This is an open ended question but just want to hear some of everyone's thoughts on this. How does financial mathematics benefit the economy, the stock market, and the individual investor?

I know this may not be a proper question to post to this blog but just wanted to hear some thoughts on this.


2 Answers 2


It is not financial mathematics in general, but a scientific approach that is beneficial:

  • quantitative views and open objective tools make transactions more transparent. It decreases information asymmetry and thus decrease transaction costs in general (bid-ask spread, prices range, volatility, etc).
  • thanks to (good) models, the consistency between investable instruments is better known: the multidimensional nature of prices is insured. It helps the diffusion of information into prices.
  • quantitative methods focus on risk management: it helps banks to make the markets and maintain their inventories (and regulator to understand the state of intermediaries' inventories).

In general, it provides a common language to express risk, portfolios and uncertainty. This allows portfolio managers, risk departments, insurance companies, intermediaries and regulators to communicate. More specifically for financial math, it started in the XVIIth century and a big breakthrough was achieved by Bachelier with the concept of risk replication.

Let me add an edit 6 years after my first answer. I suggest the reading of Financial Markets in Practice: From Post-Crisis Intermediation to FinTechs (A Raboun and L) for more than 350 pages of elaboration on this topic: financial maths allow to express how risks (i.e. exposure to future economic configurations) are bought, repackaged and sold by intermediaries.

  • $\begingroup$ I'd like to remind Bachelier's work is largely ignored for about 60 years. (it's that fun being an academic) $\endgroup$
    – berkorbay
    Commented Sep 2, 2016 at 6:54

I'd like to answer this question with one addition: Benefits outside the finance domain.
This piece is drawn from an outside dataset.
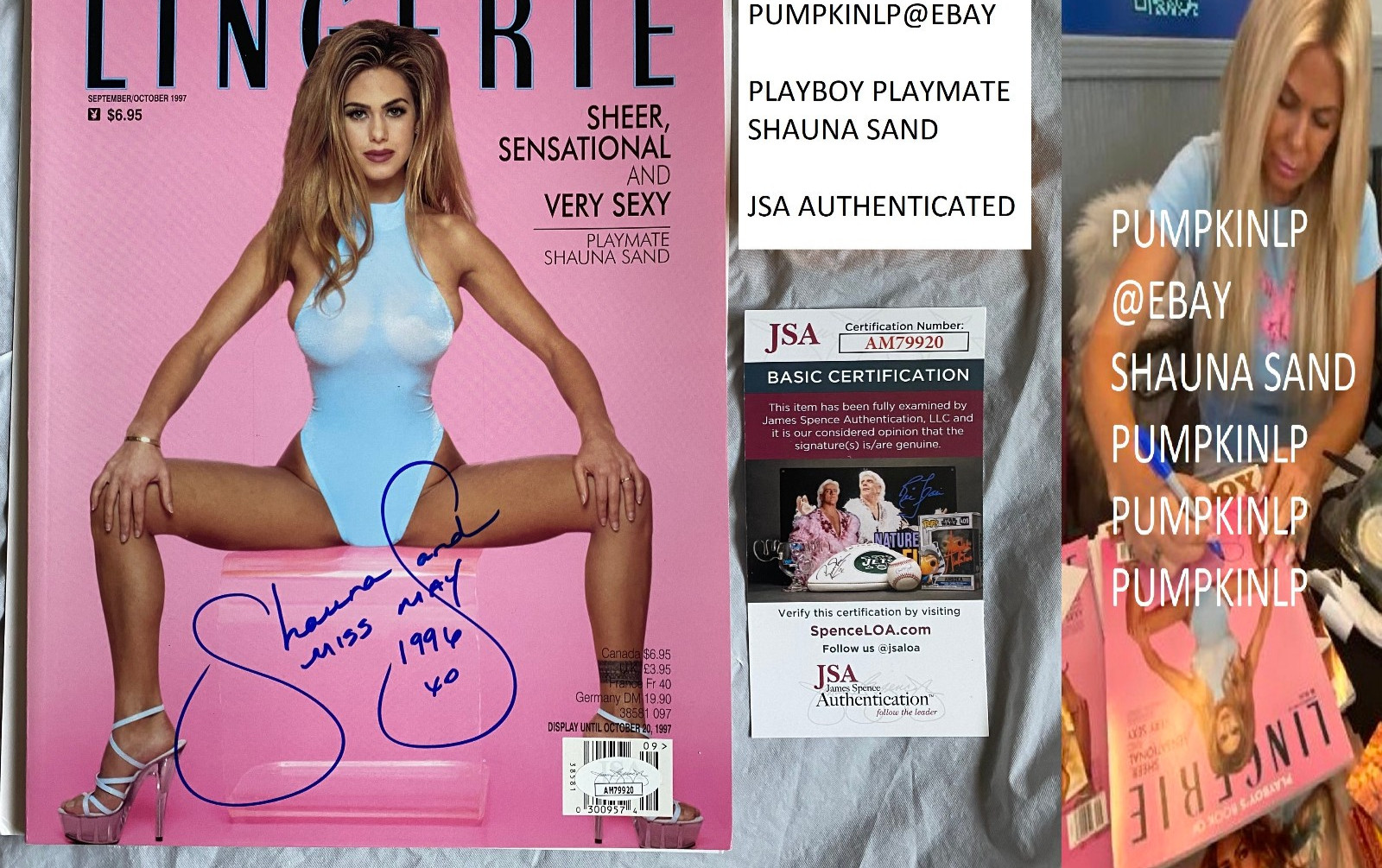 RARE Shauna Sand Signed Playboy Playmate Magazine JSA COA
Financial mathematics, if you mean not only mathematical models but also computational finance in this encapsulation, is the ultimate numeric field to improve one's skills in statistics, math and computation (coding, algorithms etc.). The trick to finance is its rules are entirely social, not natural; a property many researchers choose to forget. Unlike natural sciences, you cannot fit a theory (theory in general sense) and expect to hold as a general rule. Though, many physicists thrive on quantitative finance jobs with their models designed to explain physics phenomena (e.g. Brownian motion).

In addition finance is oh so many layered. You can do analysis on micromarket structure (more playground for physicists), or you can simply do fundamental analysis of companies and invest in the long-term (oversimplified Warren Buffet).

In the past, economics and finance were more "social sciences" than a quantitative field. Bachelier's work in 1900 (brief, simplified note: He proposed stock returns are distributed in Brownian motion, later discovered and improved by Samuelson -in 1965- as log-returns). It is an important foundation of Black-Scholes model. His PhD supervisor joked to Markowitz that they might not give them the title because his work is no more economics (i.e. foundations of Markowitz Portfolio Theory). Nowadays, mathematical models are an integral part of modern economics and finance.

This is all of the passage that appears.